■ MATERIAL FOR THIS EXERCISE
"""
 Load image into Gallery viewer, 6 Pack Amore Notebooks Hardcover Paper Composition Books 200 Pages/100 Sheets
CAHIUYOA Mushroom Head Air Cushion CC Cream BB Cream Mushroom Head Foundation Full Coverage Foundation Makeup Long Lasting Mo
"""
"""
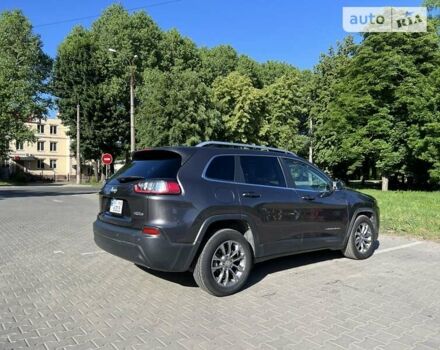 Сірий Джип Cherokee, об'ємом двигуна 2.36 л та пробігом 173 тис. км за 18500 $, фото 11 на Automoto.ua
"""
■ TASK REQUIREMENTS
All lines above between those holding "Load image into" and "CAHIUYOA Mushroom Head", inclusive, must be set down unchanged, and no other line may be included.

■ TASK RESPONSE
 Load image into Gallery viewer, 6 Pack Amore Notebooks Hardcover Paper Composition Books 200 Pages/100 Sheets
CAHIUYOA Mushroom Head Air Cushion CC Cream BB Cream Mushroom Head Foundation Full Coverage Foundation Makeup Long Lasting Mo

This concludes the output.